My intention was to find a "one-line-SQL-statement" for this problem.

I see in the answers below, it's kind a bigger thing in SQL. As there is no short, SQL-included solution for this problem, solving it in the backend of our software (c#) is of course much easier!

But as this is not a real "answer" to my question, I don't mark it as answered.

Thanks for the help.

It's unclear you want those column returned as rows? You want return name of column where there are differences or values of those columns? — Giorgi Nakeuri, Jan 28 '15 at 14:35
It is not at all clear what you are trying to do here. Are you wanting these values returned for every row in your table? If you could post ddl and sample data it would be a big step in the right direction. sqlfiddle.com is a great place to start. — Sean Lange, Jan 28 '15 at 15:12
@GiorgiNakeuri, I want the names of the columns that are different. — d.wing, Feb 02 '15 at 08:30
@d.wing With respect, I think your question was answered: you learned that the only solutions were complex ones. You chose to solve the problem a different way, but that's not the same as your question not being answered. — Ann L., Feb 04 '15 at 16:17
@Ann L. I agree with Ann about question was answered: moreover I would consider Weihui Guo's answer, even if complex, not so far from being a "one-line-Sql-statement". — pm., Dec 09 '20 at 09:12

Ann L. · Answer 1 · 2018-05-15T22:49:54.773

You say:

 We want to highlight the parameters that have changed since the last revision.
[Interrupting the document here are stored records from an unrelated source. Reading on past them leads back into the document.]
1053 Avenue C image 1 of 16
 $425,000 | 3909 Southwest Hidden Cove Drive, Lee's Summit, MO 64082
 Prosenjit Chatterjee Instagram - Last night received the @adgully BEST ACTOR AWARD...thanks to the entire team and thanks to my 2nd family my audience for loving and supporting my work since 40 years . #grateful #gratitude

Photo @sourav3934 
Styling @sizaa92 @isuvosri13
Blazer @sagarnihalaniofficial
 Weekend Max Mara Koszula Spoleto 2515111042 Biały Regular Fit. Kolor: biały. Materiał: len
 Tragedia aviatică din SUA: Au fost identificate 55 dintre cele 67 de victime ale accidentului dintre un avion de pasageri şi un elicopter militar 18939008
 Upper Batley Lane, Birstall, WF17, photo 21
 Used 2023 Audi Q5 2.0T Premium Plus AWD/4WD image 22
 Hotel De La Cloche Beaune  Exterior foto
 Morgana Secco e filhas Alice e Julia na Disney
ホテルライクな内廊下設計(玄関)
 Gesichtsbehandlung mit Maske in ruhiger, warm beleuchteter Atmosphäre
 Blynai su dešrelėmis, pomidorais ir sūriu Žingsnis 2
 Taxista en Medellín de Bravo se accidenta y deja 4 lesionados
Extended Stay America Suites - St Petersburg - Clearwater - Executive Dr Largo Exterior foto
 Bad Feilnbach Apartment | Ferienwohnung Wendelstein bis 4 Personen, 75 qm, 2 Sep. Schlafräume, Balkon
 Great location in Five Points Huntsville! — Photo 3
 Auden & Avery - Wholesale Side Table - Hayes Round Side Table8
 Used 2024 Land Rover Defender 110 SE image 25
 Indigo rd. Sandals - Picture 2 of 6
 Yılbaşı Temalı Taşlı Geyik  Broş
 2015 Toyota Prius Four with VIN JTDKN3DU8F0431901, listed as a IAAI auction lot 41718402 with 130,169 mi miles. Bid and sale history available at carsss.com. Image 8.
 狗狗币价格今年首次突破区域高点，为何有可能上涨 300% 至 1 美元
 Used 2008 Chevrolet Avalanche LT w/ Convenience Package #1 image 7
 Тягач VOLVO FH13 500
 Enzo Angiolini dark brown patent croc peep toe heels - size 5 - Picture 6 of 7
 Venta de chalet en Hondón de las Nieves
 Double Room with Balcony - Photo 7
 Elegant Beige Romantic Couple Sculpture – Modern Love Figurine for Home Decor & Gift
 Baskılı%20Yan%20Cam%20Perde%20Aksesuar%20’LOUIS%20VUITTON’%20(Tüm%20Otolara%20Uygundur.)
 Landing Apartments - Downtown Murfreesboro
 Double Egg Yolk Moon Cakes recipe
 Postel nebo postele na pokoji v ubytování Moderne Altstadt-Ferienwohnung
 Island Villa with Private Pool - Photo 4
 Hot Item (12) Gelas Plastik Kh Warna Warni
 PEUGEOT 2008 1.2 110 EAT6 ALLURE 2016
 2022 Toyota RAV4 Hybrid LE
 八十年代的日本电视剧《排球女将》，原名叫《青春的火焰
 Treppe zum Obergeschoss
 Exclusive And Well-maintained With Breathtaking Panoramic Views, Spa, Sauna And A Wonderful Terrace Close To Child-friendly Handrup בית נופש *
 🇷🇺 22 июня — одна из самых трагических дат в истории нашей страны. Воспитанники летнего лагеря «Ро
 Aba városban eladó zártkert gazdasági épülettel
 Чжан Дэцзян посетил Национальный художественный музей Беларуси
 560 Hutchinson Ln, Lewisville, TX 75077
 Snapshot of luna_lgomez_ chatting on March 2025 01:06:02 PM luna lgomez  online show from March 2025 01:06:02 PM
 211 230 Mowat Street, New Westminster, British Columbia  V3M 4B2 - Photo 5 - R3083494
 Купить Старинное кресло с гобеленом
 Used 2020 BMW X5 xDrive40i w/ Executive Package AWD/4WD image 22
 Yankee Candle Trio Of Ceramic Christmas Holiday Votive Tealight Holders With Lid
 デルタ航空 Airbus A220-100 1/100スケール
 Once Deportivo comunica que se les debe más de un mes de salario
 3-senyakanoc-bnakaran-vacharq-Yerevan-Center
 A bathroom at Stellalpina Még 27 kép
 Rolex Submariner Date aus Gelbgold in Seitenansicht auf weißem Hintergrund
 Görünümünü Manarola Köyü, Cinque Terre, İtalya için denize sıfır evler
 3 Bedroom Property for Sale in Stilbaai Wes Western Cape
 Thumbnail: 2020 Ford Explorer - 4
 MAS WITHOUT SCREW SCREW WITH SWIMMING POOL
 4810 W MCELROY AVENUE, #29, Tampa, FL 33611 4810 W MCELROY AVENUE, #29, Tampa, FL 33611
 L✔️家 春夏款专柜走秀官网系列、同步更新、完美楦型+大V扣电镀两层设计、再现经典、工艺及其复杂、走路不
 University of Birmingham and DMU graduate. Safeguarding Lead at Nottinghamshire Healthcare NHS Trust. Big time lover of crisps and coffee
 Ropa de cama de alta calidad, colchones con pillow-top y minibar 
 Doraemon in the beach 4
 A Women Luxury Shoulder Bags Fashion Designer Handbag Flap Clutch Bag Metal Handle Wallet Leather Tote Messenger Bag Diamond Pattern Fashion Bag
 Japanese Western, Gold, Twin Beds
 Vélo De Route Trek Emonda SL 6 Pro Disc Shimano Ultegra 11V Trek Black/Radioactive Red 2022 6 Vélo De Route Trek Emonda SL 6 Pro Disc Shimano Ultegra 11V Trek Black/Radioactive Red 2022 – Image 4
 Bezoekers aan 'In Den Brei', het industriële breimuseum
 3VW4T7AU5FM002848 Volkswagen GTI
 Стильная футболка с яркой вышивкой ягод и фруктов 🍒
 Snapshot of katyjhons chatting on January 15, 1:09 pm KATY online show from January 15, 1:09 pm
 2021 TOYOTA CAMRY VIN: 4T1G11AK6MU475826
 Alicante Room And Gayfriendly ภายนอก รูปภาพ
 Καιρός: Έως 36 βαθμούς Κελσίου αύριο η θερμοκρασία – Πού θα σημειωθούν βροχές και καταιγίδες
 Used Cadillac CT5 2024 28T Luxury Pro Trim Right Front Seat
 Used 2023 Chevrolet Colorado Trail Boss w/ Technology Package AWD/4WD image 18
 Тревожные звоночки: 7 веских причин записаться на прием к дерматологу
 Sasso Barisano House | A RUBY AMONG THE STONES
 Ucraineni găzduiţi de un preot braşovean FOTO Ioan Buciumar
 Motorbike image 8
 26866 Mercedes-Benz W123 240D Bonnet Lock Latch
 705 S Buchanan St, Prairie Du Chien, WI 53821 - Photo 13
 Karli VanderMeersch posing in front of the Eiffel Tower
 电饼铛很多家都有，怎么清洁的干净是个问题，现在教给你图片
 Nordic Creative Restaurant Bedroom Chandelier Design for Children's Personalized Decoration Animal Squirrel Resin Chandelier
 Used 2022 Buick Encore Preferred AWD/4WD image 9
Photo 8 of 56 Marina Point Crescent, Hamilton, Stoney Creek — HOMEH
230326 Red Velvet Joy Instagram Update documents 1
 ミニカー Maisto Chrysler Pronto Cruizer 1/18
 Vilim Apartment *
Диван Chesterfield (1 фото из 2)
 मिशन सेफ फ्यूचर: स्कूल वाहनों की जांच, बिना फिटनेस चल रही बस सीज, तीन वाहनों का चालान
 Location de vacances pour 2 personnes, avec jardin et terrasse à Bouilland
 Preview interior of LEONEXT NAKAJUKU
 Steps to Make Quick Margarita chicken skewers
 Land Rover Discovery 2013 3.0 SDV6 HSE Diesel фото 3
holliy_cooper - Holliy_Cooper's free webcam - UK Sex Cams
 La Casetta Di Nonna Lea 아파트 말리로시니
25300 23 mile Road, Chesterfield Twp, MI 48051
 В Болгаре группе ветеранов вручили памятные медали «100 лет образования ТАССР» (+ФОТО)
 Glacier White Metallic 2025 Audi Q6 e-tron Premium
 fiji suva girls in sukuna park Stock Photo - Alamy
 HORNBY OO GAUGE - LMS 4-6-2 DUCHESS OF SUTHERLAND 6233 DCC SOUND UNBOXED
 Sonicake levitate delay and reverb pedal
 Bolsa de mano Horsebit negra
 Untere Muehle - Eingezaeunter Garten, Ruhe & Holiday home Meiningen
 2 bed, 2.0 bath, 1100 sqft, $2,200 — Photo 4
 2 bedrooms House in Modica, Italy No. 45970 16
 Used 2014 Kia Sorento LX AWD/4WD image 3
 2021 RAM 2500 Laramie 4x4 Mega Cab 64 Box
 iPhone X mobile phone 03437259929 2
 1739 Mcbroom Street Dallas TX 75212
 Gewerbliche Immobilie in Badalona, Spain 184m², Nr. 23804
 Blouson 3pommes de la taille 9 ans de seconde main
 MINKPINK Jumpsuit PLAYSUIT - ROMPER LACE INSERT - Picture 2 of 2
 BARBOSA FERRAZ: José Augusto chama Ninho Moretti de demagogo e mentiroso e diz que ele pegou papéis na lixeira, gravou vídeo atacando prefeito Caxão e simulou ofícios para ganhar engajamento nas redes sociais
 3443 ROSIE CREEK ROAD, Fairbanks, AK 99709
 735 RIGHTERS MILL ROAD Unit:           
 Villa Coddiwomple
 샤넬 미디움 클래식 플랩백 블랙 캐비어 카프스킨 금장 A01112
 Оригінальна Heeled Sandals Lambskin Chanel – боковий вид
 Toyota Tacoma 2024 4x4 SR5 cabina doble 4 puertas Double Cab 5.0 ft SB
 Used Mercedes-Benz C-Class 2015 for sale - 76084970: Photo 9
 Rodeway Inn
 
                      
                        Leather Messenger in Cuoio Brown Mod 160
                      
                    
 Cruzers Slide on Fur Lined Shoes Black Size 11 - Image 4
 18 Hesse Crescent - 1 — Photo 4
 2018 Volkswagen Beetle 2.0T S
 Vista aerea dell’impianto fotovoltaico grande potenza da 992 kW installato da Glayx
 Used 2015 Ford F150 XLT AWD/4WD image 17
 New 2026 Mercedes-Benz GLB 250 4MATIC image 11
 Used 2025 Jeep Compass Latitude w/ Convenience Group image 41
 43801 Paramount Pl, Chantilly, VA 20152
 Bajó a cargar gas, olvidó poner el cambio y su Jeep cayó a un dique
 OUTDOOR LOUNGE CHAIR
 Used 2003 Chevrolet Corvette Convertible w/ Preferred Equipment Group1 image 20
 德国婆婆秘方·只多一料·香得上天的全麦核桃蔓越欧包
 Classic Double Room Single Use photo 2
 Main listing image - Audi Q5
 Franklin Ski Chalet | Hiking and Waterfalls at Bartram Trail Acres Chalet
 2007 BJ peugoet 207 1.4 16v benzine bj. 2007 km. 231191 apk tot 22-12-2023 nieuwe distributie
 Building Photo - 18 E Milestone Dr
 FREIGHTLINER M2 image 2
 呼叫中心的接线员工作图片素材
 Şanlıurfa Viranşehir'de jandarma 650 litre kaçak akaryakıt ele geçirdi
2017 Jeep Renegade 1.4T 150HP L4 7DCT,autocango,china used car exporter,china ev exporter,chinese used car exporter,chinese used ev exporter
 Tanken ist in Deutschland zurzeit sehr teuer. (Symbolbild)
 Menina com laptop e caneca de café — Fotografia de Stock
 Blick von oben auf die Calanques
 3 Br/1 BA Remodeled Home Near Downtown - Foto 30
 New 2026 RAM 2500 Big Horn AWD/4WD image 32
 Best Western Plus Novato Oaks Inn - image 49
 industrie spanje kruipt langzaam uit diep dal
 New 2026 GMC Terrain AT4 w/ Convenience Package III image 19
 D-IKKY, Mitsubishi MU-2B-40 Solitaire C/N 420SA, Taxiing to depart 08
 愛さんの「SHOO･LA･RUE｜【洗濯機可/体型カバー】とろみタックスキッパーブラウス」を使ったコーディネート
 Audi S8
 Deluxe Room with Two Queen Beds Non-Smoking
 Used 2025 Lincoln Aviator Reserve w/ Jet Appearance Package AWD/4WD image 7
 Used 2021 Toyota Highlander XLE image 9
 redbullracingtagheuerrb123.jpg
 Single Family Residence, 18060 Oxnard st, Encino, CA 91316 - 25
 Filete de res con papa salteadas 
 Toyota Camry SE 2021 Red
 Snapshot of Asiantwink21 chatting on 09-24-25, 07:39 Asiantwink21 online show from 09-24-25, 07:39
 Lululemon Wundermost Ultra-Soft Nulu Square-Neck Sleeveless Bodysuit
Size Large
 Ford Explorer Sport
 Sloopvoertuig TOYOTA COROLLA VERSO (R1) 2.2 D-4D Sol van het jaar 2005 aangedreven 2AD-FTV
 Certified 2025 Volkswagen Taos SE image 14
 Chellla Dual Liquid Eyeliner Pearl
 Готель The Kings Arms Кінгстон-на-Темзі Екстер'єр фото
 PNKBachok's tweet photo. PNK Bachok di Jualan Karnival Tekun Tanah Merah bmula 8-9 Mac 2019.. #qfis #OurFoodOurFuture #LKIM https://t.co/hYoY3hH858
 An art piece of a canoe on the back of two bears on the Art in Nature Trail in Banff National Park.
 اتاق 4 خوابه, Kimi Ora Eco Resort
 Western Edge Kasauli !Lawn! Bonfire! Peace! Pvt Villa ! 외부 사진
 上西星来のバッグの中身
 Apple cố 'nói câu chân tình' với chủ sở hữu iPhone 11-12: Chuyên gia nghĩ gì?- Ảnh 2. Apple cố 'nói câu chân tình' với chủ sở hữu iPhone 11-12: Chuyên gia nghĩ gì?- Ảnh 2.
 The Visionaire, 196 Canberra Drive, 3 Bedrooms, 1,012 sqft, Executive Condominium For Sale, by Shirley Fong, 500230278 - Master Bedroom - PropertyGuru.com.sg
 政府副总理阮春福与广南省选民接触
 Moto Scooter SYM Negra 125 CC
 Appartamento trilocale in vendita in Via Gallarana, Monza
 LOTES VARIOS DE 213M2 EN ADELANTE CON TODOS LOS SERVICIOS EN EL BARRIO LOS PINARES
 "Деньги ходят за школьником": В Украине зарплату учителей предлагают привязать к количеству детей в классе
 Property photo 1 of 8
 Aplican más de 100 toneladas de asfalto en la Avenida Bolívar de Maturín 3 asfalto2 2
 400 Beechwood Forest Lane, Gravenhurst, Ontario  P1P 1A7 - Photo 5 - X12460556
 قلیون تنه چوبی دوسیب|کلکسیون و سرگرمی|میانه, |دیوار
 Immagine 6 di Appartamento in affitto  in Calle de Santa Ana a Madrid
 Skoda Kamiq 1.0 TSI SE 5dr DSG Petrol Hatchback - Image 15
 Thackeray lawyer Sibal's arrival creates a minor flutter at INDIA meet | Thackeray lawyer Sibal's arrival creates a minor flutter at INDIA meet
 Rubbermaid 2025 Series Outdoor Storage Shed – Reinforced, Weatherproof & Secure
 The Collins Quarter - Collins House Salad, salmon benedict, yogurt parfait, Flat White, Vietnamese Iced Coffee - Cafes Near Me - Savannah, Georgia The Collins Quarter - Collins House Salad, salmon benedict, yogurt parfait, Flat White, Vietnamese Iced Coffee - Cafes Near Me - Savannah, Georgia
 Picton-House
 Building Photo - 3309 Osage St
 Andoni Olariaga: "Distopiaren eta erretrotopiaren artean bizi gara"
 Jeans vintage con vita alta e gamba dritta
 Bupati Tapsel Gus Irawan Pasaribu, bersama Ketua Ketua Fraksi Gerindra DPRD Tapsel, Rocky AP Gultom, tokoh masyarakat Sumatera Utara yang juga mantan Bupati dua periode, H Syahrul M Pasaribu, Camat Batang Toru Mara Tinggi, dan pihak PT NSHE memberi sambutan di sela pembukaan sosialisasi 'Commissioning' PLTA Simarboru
This implies that you want the display (or report) to make the parameters that changed stand out.

If you're going to show all the parameters anyway, it would be a lot easier to do this programmatically in the front end. It would be a much simpler problem in a programming language. Unfortunately, not knowing what your front end is, I can't give you particular recommendations.

If you really can't do it in the front end but have to receive this information in a query from the database (you did say "SQL-only"), you need to specify the format you'd like the data in. A single-column list of the columns that changed between the two records? A list of columns with a flag indicating which columns did or didn't change?

But here's one way that would work, though in the process it converts all your fields to nvarchars before it does its comparison:

Use the technique described here (disclaimer: that's my blog) to transform your records into ID-name-value pairs.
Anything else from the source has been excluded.